Educación remite en Soler a la profundidad de la lucha por hacer partícipes de lo que a todos corresponde a aquellos que son negados de todo derecho, los olvidados, aquellos siempre presentes en sus desvelos desde sus primeros años de maestro rural en la década del 40. Resistencia remite a la obstinación de no doblegarse ante poder alguno, de no renunciar a la educación como práctica de libertad hasta en los momentos más oscuros. Esperanza hace referencia a una profunda convicción pedagógica acerca de que todos estamos llamados a «ser más» –como diría Paulo Freire– y a que la educación tiene un lugar central en la posibilidad de construcción de hombres y mujeres nuevos y nuevas.
Soler fue siempre un defensor de la educación pública. Reconocía en ella la base de la construcción ciudadana de la república. No concebía la educación pública ni a sus educadores como ajenos a la realidad social y política en las que les toca existir. Fue un defensor de la laicidad, entendida como el tratamiento más amplio de la diversidad de temas que surcan por las aulas.
En tiempos en que un espíritu conservador amenaza a la educación pública, en que bajo la invocación a la laicidad se pretende cercenar su potencialidad democrática, emerge fuerte y clara la voz de un viejo maestro peleador por futuros mejores. Desde su legado nos señala: «Creo que, superando escrúpulos derivados de un pretendido e imposible neutralismo, corresponde a la educación contribuir al conocimiento político, al análisis político y hasta al debate político, habida cuenta, naturalmente, de la edad y características de cada grupo de educandos. El mundo de hoy, con sus inmensas contradicciones y sus graves problemas irresueltos, no admite la neutralidad de los ciudadanos.

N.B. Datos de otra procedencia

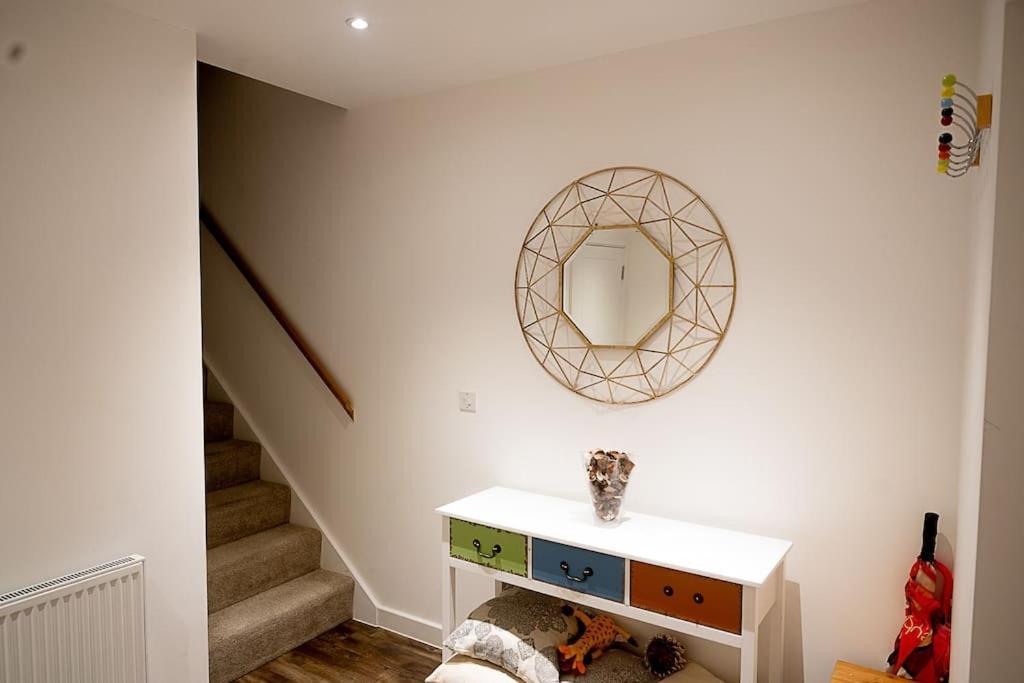 Exquisite Cozy House, Close To Train Station And Amenities Harold Wood المظهر الخارجي الصورة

Y si la palabra participación ha de tener un sentido noble y activo, la escuela y la universidad han de ser lugar de participación en la polis y para la polis, es decir, lugar de política. De la política como pregunta y como ejercicio de búsqueda de la respuesta, no como adoctrinamiento».1
Estoy convencido de que nuestro mejor homenaje a Miguel Soler será estar a la altura de su legado. ¡Que así sea! ¡Salud, Maestro!